The Multiple Launcher Rocket System has come along way since the initial fielding of the system at Fort Riley, Kansas in the early 80's. Battle tested in the Persian Gulf, deployed to the Balkans, the Multiple Launcher Rocket System has gone through doctrinal changes and numerous software updates. The improvements that are provided by the M270A1 are both needed and crucial for the battlefield of the future. The M270A1 launcher is an upgrade to the MLRS M270 launcher designed to provide the launcher with 10-15 years of additional life. The M270A1 will be fielded to the Heavy Divisions of the Counter Attack Corps to support the Army Vision.
The MLRS M270 launcher was upgraded to accommodate a new MLRS Family of Munitions (MFOM), including the Army Tactical Missile System ATACMS. The improvements provided by the M270A1 enhanced the field artillery's support to armor and infantry units to reinforce the dominant maneuver force by improving the corps commander's precision engagement capabilities for shaping the battlespace at extended ranges. The MLRS M270A1 program was fielded in September 2000. The state-of-the-art enhancements were eventually incorporated into the entire US inventory of launchers, which exceeds 900.
- 1QFY98 IFCS Low Rate Initial Production (LRIP) Decision
- 2QFY99 Combined IFCS/ILMS operational test
- 3QFY00 First unit equipped M270A1
- 2QFY98 - First Extended Range Rocket MLRS rocket delivery
The M270A1 program includes two major upgrades to the current M270 launcher.

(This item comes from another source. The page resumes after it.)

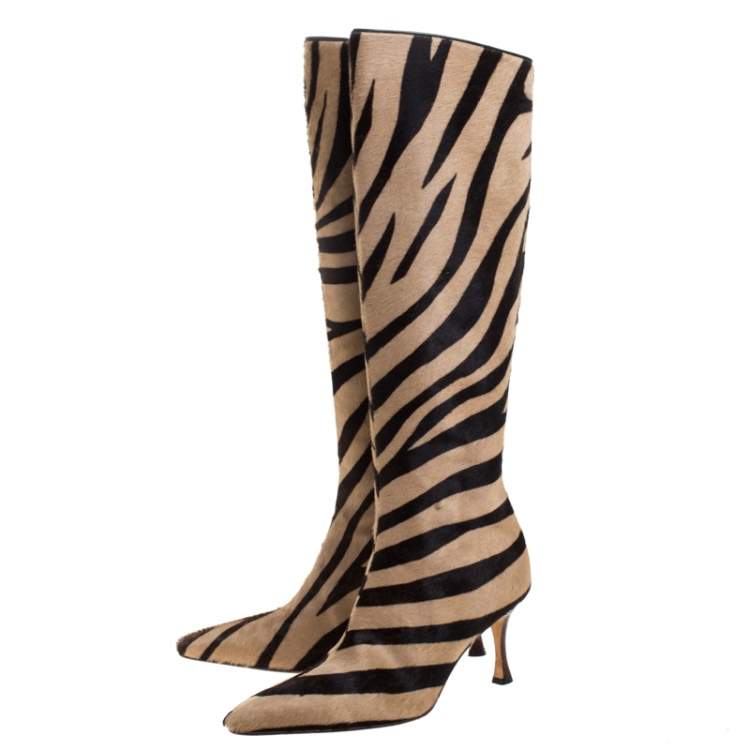 Pre Owned Manolo Blahnik Brown/Beige Calf Hair Leopard Print Knee Length Pointed Toe Boots Size 36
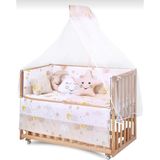 Jasmin Bebe Beşik Uyku Seti Kahve Yıldızlı 10 Parça + Cibinlik ve Aparatı Hediye - Kahverengi - Beyaz - 60 x 120 cm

Improvements to the system include the Improved Fire Control System (IFCS), the Improved Mechanical Launch System (ILMS), and the extended range rocket (ER-MLRS). An MLRS initiative to examine potential obsolescence revealed that by the year 2003, 92 percent of the microcircuits used in the system would no longer be available. To combat the growing obsolescence, the Army initiated the IFCS program with a Milestone II in 4QFY92. The IFCS mitigated electronic obsolescence currently existing in the fire control system and will accommodate the needs of the MFOM weapon systems under development and provide growth for future weapon systems. Additionally, analysis following Operation Desert Storm identified a requirement for faster prosecution of highly mobile, short dwell targets by the M270 Launcher. In 4QFY95, the Program Manager, MLRS received approval to proceed with the ILMS program. The ILMS provided rapid responses to time critical targets by reducing time to aim by 70% and by reducing reload times by 50%. The ER-MLRS extended the current range of the basic rocket from 31.8 KM to a new range of approximately 45+ KM.
The Improved Fire Control System (IFCS) replaced obsolete, maintenance-intensive hardware and software, providing growth potential for future munitions and the potential for reduced launcher operation and support costs. A Global Positioning System-aided navigation system for the launcher was developed as part of IFCS to supplement the existing inertial position-navigation system. The IFCS modification will upgrade the electronic and navigation equipment, revise the software architecture, and add the capability of sensing local meteorological conditions at 100 meters above ground level. This latter capability improved rocket accuracy by providing current, low-level wind measurements to the launcher just before launch.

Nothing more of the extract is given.